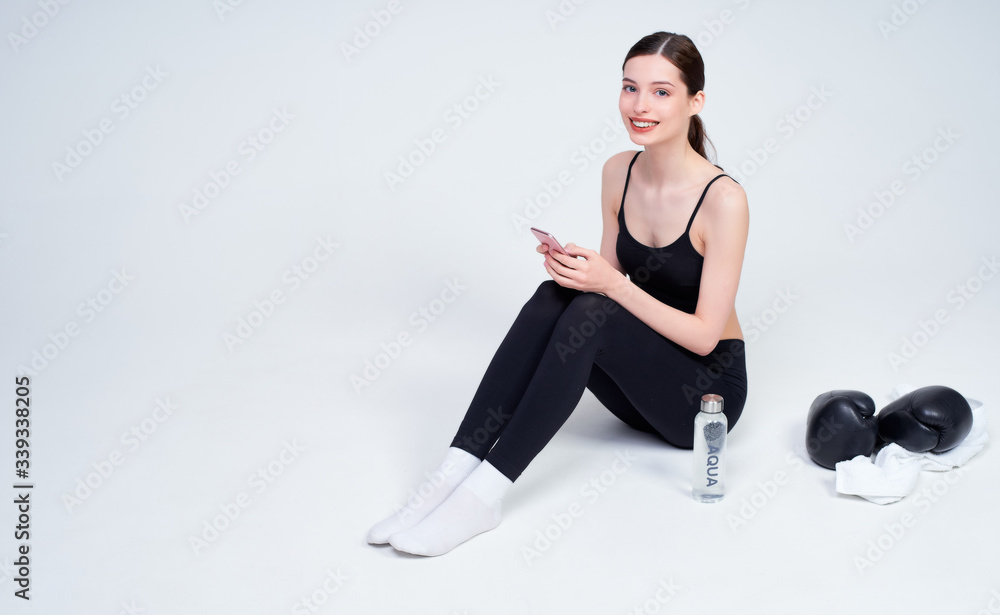 Young woman after boxing workout on a white background. Young woman after boxing workout on a white background.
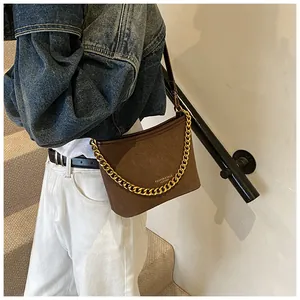 Detail of dark brown matte shoulder bag with chunky gold chain strap and embossed lettering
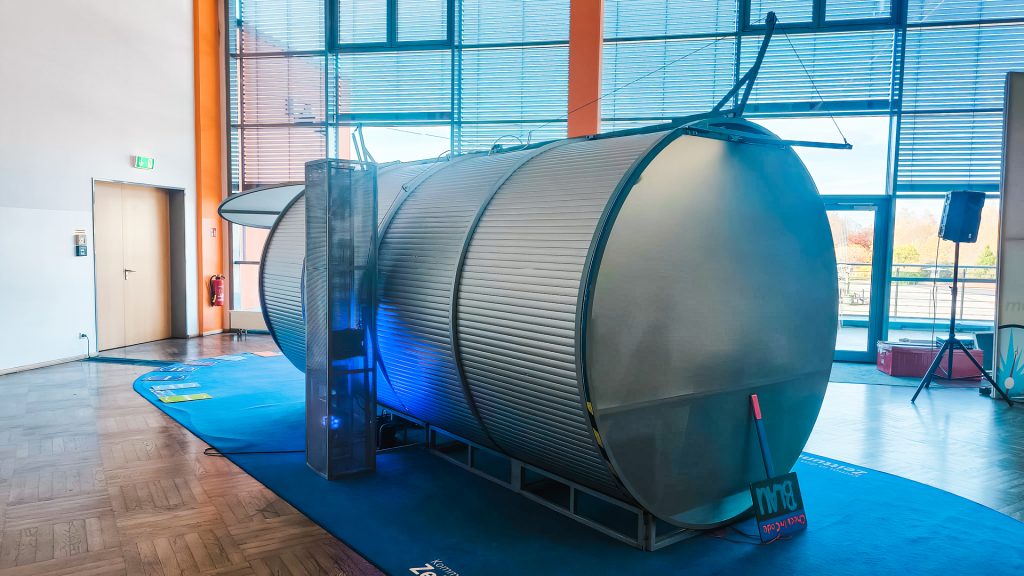 Großaufnahme eines großen, silbernen, zylindrischen Ausstellungsstücks (Tunnel-Exponat) auf der Berufsorientierungsveranstaltung "Komm auf Tour". Das Exponat liegt auf einem blauen Teppich. Es symbolisiert den Weg durch die Berufswahl und die Zukunft der Jugendlichen. Blaue Akzentbeleuchtung sorgt für Stimmung.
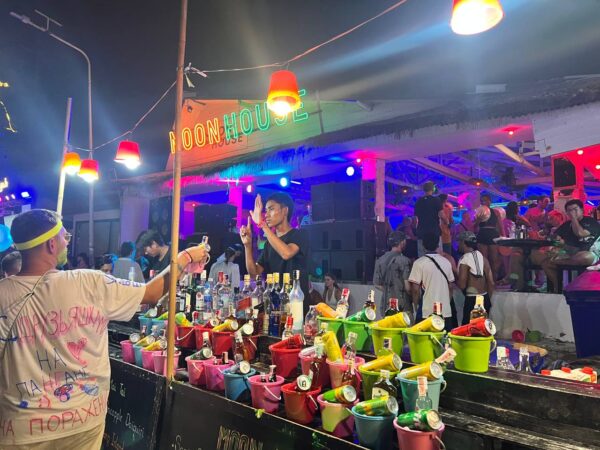 Full Moon Party on Koh Phangan at Haad Rin Beach with neon lights, beach crowd, DJs, and fire show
++++++
EXERCISE GOAL: Starting with the first line of the material above and ending with the line that holds "Detail of dark", write out those lines exactly, without pictures.

RESPONSE AREA:
 Young woman after boxing workout on a white background. Young woman after boxing workout on a white background.
 Detail of dark brown matte shoulder bag with chunky gold chain strap and embossed lettering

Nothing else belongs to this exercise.